In this issue of Gastric Cancer, Kaise et al. [4] report that serum levels of trefoil factor 3 (TFF3) peptides are a better marker of gastric cancer than pepsinogen. TFF peptides are involved in mucosal maintenance and repair through motogenic and antiapoptotic activities. These peptides are overexpressed during inflammatory processes and cancer progression. The TFF family comprises the gastric peptides pS2/TFF1 and spasmolytic peptide (SP)/TFF2, and the intestinal trefoil factor (ITF)/TFF3. The authors found a significant difference in serum TFF3 levels between H. pylori antibody-positive and -negative healthy individuals. However, in gastric ulcer patients stratified by H. pylori eradication, they did not find significant differences in serum TFF3 levels or in positivity for high TFF3 levels until 5 years after the H. pylori eradication. The authors suggested that serum TFF3 could be a stable biomarker of gastric cancer risk even after H. pylori eradication, in contrast with pepsinogen testing. However, not much is known about this peptide. TFF3 is secreted from goblet cells in gastric intestinal metaplasia, and from cells in the intestine and colon. It is thought that TFF3 produced in the stomach would increase serum levels due to damage and inflammation from gastritis. However, because the area of the intestine and colon is far larger than that of gastric intestinal metaplasia, many questions concerning TFF3 have been raised. As the serum TFF3 level also reflects the potential presence of other cancers; for example, pancreatic cancer, an elevated level is not specific for gastric cancer.

In 1982, Samloff et al. [5] proposed that pepsinogen testing could be a useful, noninvasive “serological biopsy” for detecting gastric cancer. Thirty years have passed since this proposal, but the effectiveness of pepsinogen testing has not been proven in population screening for gastric cancer. We have found no satisfactory evidence of a decreased death rate due to gastric cancer linked to the use of this serological test. Since 1990, the first-line method of examination for gastric disease in Japanese medical facilities has been endoscopy rather than X-ray. The use of X-ray examinations has decreased because of the difficulties in educating practitioners about image interpretation and in making diagnoses without the assistance of pathologists. As a result, the cancer detection rate using direct X-ray examination has continued to decrease since 2000 in the Japanese population screening program.

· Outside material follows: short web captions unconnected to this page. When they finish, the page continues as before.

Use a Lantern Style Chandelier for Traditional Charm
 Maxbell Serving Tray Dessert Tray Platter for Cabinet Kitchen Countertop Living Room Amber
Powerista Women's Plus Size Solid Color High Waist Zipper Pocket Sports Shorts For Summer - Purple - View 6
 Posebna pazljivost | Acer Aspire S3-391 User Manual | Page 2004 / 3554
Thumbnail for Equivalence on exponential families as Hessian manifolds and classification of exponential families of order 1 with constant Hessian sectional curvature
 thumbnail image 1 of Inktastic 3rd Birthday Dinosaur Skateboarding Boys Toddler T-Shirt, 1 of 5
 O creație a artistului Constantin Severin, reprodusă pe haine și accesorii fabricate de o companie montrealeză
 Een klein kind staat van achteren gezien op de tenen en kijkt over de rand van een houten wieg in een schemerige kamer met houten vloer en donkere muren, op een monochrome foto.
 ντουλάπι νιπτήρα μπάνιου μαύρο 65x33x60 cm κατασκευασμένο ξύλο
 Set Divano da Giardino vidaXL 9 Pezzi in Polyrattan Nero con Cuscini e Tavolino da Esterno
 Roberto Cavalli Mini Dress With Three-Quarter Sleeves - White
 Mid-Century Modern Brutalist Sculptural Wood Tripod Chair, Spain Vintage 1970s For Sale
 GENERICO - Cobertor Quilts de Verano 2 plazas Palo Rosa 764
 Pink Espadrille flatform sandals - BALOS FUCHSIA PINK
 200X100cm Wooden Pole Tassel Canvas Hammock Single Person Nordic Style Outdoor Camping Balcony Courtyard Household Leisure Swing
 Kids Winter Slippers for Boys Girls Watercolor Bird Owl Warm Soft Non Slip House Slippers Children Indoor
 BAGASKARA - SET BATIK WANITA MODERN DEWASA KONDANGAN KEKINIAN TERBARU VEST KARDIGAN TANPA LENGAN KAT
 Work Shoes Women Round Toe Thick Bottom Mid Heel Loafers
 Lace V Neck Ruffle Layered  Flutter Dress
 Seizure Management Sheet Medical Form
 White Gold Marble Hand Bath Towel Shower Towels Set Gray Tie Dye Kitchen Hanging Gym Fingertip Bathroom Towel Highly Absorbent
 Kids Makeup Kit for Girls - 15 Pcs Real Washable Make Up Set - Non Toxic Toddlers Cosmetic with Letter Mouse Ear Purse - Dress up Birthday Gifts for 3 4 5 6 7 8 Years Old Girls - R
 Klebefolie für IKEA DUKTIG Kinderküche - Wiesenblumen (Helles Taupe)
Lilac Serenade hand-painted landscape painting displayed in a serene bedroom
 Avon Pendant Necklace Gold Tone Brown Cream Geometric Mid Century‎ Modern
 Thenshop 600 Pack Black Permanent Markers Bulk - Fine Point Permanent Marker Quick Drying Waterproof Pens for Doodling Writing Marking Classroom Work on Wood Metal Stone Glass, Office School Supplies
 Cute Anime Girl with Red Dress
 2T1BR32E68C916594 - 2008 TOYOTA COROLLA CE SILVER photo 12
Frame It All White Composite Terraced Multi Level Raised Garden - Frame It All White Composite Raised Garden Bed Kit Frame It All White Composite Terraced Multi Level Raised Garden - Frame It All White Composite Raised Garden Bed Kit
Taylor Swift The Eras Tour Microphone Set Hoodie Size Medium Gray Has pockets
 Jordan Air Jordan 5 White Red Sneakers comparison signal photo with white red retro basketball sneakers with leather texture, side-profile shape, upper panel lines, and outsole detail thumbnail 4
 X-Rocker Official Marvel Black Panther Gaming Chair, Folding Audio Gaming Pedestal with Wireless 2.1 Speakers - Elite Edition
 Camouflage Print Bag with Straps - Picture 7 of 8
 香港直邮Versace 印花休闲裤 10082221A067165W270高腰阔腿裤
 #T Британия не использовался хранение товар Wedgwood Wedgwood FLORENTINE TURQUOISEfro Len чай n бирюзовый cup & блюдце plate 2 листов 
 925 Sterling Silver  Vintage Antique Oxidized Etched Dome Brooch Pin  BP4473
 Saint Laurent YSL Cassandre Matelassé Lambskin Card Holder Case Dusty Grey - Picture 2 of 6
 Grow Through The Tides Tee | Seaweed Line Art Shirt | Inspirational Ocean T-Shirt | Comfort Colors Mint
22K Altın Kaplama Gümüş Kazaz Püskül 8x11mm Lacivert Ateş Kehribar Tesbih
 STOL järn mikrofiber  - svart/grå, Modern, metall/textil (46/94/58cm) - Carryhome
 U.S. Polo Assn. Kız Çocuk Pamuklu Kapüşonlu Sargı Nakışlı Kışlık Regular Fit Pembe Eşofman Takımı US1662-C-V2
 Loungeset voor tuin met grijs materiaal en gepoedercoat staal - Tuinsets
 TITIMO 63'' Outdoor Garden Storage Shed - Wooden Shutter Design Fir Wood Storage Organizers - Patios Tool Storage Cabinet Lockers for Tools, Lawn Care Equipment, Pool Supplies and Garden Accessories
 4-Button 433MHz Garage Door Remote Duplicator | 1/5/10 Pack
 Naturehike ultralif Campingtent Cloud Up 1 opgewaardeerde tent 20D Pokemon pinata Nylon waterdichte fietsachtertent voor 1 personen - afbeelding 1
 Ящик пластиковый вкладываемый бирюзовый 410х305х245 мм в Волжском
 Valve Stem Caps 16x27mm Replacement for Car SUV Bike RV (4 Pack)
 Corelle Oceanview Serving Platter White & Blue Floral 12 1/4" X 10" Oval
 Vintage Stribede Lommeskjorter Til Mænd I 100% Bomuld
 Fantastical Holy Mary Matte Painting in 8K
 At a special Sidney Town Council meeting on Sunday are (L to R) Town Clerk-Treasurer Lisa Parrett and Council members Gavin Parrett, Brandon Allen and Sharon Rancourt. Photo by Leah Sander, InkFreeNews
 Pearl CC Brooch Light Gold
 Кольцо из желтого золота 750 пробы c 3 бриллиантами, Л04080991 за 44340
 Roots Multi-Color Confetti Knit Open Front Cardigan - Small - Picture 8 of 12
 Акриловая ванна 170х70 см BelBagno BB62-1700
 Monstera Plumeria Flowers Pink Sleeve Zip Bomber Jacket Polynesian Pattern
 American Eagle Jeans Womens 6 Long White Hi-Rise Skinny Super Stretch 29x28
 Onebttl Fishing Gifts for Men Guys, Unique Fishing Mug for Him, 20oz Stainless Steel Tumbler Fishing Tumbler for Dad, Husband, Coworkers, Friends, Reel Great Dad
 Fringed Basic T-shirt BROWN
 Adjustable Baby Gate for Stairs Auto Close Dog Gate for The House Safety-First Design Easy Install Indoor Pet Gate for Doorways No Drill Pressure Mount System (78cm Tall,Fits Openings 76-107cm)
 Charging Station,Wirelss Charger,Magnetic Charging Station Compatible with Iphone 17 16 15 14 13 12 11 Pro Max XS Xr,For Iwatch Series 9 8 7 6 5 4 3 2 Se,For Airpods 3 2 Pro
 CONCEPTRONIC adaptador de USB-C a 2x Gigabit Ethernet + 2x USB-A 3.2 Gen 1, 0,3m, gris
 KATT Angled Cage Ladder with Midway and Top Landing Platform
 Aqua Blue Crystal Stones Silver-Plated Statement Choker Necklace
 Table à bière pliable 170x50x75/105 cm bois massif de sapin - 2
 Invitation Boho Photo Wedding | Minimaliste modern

The future of X-ray screening is questionable. A changeover is necessary, but it is uncertain whether screening using serological tests, serum pepsinogen, and/or TFF3 before endoscopy can replace X-ray screening in the near future. Apart from the low positive predictive value of serological tests, the problem would be the low percentage of examinees that would undergo detailed examinations, because the discrepancy in numbers from those who would take the first step, blood tests, to those taking the second step, endoscopies, would be large.